Rails uses the bundled memcached-client gem by default.
[source, ruby]
-----------------------------------------------------
ActionController::Base.cache_store = :mem_cache_store, "localhost"
-----------------------------------------------------
5) Custom store: You can define your own cache store (new in Rails 2.1)
[source, ruby]
-----------------------------------------------------
ActionController::Base.cache_store = MyOwnStore.new("parameter")
-----------------------------------------------------
+Note: config.cache_store can be used in place of
ActionController::Base.cache_store in your Rails::Initializer.run block in
environment.rb+
== Conditional GET support
Conditional GETs are a facility of the HTTP spec that provide a way for web
servers to tell browsers that the response to a GET request hasn’t changed
since the last request and can be safely pulled from the browser cache.

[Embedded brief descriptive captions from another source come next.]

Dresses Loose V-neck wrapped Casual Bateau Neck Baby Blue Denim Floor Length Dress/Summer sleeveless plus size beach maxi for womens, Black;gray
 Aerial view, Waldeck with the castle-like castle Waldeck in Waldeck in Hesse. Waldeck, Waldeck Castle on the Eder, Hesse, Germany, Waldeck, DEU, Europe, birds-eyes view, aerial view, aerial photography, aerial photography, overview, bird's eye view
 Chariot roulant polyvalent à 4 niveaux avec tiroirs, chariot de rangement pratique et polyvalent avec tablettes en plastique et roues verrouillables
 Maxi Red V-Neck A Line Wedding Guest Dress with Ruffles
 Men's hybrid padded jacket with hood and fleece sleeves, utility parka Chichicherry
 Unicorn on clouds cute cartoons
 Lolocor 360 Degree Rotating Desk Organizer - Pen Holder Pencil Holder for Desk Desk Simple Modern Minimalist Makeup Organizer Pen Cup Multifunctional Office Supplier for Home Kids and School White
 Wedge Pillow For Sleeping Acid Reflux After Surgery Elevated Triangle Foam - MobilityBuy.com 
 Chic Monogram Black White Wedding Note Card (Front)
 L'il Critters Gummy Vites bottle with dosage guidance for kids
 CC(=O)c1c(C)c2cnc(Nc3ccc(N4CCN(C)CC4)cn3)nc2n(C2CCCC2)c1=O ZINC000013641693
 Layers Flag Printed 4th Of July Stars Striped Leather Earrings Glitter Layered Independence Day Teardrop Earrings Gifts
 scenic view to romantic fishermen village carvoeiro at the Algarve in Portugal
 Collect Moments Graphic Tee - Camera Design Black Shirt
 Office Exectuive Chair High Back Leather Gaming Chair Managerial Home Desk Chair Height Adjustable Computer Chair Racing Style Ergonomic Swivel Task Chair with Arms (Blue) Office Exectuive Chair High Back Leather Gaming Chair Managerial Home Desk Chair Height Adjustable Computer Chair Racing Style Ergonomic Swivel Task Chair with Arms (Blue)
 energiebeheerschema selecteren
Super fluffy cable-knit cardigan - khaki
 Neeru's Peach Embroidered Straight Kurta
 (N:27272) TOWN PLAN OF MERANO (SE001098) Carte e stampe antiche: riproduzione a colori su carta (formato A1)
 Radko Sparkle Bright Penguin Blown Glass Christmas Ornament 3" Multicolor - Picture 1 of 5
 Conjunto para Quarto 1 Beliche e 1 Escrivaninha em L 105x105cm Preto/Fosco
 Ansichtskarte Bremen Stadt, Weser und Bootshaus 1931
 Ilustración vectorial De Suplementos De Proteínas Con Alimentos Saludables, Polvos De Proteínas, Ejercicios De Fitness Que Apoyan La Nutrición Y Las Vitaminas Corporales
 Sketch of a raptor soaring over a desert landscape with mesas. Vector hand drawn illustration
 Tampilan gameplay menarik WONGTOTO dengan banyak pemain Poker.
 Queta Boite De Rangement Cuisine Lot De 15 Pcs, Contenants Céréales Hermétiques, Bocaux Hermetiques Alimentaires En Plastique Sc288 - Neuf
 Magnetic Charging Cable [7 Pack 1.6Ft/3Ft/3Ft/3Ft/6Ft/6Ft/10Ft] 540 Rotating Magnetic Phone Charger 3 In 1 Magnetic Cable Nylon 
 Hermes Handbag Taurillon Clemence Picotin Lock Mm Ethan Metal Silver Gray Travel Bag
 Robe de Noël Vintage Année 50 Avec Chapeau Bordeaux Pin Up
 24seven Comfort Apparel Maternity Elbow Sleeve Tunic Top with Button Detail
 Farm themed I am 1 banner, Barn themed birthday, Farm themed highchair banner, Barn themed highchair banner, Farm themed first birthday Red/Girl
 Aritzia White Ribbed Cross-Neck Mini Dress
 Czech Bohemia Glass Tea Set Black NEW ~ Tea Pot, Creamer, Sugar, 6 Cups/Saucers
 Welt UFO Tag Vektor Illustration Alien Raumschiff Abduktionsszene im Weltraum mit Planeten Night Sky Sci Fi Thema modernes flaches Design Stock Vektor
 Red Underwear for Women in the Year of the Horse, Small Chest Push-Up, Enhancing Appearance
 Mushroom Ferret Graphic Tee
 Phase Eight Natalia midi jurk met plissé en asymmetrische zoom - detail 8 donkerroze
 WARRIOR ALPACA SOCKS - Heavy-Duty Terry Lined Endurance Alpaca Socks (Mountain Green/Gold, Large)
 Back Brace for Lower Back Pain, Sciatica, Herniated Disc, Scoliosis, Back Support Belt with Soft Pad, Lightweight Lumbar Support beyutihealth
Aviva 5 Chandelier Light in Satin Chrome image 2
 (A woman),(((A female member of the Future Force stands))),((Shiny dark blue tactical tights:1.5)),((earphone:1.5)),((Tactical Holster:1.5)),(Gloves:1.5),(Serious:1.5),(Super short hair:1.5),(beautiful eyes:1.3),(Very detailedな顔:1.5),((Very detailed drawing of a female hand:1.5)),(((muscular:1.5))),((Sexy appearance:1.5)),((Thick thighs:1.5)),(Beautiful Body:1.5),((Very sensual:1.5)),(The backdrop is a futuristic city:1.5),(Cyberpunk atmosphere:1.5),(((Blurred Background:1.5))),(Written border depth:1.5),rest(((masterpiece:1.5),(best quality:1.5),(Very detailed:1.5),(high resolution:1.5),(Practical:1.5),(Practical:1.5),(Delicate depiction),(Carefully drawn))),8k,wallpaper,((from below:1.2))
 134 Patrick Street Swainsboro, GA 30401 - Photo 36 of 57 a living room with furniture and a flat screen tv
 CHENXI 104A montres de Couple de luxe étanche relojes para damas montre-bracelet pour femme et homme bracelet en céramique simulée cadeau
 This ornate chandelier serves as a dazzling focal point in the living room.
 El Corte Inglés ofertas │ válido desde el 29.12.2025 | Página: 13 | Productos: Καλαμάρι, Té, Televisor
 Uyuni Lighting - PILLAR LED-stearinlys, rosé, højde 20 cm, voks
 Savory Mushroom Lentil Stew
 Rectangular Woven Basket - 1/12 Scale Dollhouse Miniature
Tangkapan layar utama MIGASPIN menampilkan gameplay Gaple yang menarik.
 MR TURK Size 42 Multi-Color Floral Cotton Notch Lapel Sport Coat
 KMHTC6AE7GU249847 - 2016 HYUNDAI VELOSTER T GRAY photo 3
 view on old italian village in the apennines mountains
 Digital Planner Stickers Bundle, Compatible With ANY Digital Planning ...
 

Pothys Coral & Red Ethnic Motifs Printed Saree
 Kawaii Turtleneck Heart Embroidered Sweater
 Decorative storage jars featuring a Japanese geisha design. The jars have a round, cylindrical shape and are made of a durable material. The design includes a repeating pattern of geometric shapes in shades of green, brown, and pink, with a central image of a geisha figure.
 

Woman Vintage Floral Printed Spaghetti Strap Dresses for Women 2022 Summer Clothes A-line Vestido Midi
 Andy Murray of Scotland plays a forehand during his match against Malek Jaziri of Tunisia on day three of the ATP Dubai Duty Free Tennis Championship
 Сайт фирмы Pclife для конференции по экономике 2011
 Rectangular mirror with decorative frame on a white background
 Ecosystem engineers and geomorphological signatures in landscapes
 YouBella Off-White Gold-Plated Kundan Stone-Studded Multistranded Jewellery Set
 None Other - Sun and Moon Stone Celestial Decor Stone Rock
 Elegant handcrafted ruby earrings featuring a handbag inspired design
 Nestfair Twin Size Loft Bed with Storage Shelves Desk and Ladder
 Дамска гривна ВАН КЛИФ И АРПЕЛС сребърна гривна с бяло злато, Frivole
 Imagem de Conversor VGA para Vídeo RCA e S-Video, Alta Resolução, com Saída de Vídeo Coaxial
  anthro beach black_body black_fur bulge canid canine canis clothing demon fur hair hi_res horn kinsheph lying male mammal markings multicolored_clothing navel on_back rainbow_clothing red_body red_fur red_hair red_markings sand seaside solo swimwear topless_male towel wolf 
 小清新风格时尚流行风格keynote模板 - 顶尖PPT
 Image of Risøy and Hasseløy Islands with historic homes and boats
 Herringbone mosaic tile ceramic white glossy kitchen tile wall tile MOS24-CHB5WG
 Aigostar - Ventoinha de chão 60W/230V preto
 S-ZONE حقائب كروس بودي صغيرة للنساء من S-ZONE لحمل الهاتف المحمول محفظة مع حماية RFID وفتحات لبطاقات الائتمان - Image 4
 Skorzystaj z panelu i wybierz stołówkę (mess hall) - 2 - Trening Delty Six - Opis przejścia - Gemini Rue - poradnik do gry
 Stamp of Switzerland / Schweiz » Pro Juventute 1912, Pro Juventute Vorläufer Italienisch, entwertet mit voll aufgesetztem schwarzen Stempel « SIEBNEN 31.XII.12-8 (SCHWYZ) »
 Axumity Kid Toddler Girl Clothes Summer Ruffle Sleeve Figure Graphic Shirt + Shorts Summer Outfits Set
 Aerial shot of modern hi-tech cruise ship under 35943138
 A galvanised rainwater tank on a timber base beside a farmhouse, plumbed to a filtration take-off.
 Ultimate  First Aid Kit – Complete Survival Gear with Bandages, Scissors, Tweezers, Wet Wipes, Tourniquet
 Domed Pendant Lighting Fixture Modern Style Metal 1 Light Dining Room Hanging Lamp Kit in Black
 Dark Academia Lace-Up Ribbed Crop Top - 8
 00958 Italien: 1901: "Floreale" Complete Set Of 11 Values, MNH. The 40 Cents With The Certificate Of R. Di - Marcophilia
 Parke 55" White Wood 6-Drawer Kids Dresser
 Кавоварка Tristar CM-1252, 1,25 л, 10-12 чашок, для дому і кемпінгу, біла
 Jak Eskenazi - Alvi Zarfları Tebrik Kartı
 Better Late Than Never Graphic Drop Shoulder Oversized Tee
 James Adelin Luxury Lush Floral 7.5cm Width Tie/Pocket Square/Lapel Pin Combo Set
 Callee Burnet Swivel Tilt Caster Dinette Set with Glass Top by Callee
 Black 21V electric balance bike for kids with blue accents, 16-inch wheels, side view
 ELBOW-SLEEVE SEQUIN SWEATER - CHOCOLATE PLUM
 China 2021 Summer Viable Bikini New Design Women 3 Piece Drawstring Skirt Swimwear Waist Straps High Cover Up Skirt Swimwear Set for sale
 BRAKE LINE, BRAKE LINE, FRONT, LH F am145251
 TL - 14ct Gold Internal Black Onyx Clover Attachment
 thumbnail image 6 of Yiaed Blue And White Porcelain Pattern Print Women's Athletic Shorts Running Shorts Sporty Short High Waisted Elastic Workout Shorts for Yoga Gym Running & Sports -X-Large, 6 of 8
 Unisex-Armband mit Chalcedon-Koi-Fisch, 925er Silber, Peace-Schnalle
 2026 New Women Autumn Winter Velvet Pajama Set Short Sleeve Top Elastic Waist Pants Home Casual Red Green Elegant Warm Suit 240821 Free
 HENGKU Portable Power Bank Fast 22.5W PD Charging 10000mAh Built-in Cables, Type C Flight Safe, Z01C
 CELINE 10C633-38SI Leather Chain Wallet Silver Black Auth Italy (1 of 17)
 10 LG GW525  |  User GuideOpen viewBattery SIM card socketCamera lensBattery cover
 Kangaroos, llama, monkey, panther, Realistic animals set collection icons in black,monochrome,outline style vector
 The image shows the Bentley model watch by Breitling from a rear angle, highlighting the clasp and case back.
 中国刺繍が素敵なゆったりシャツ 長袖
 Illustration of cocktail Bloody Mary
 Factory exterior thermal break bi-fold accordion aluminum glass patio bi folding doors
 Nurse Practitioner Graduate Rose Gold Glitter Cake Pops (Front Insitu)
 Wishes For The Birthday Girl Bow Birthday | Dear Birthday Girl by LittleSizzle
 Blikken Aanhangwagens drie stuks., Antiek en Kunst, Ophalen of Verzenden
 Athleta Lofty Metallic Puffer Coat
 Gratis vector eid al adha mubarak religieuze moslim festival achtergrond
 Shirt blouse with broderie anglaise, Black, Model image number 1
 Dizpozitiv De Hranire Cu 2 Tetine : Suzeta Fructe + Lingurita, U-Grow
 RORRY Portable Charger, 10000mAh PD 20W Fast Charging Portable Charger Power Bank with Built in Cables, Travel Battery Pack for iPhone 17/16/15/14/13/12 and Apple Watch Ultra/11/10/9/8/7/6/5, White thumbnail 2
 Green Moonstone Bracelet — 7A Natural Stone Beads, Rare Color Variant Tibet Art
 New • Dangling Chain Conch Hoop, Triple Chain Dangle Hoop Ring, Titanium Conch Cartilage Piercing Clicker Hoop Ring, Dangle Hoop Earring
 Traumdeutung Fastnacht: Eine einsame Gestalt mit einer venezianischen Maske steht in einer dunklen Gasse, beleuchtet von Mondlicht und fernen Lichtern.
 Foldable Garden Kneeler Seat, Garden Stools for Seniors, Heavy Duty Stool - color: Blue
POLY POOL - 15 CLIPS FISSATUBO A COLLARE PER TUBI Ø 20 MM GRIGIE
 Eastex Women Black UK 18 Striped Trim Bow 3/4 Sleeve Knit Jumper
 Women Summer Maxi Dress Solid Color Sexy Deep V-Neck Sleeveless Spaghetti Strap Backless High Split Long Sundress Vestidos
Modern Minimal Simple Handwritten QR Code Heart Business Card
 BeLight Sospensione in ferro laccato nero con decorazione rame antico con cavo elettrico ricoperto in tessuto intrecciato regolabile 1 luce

They work by using the HTTP_IF_NONE_MATCH and HTTP_IF_MODIFIED_SINCE headers to
pass back and forth both a unique content identifier and the timestamp of when
the content was last changed. If the browser makes a request where the content
identifier (etag) or last modified since timestamp matches the server’s version
then the server only needs to send back an empty response with a not modified
status.
It is the server’s (i.e. our) responsibility to look for a last modified
timestamp and the if-none-match header and determine whether or not to send
back the full response. With conditional-get support in rails this is a pretty
easy task:
[source, ruby]
-----------------------------------------------------
class ProductsController < ApplicationController
def show
@product = Product.find(params[:id])
# If the request is stale according to the given timestamp and etag value
# (i.e. it needs to be processed again) then execute this block
if stale?(:last_modified => @product.updated_at.utc, :etag => @product)
respond_to do |wants|
# ... normal response processing
end
end
# If the request is fresh (i.e. it's not modified) then you don't need to do
# anything. The default render checks for this using the parameters
# used in the previous call to stale? and will automatically send a
# :not_modified. So that's it, you're done.
end
-----------------------------------------------------
If you don’t have any special response processing and are using the default
rendering mechanism (i.e. you’re not using respond_to or calling render
yourself) then you’ve got an easy helper in fresh_when:
[source, ruby]
-----------------------------------------------------
class ProductsController < ApplicationController
# This will automatically send back a :not_modified if the request is fresh,
# and will render the default template (product.*) if it's stale.
def show
@product = Product.find(params[:id])
fresh_when :last_modified => @product.published_at.utc, :etag => @article
end
end
-----------------------------------------------------
== Advanced Caching
Along with the built-in mechanisms outlined above, a number of excellent
plugins exist to help with finer grained control over caching. These include
Chris Wanstrath's excellent cache_fu plugin (more info here:
http://errtheblog.com/posts/57-kickin-ass-w-cachefu) and Evan Weaver's
interlock plugin (more info here:
http://blog.evanweaver.com/articles/2007/12/13/better-rails-caching/). Both
of these plugins play nice with memcached and are a must-see for anyone
seriously considering optimizing their caching needs.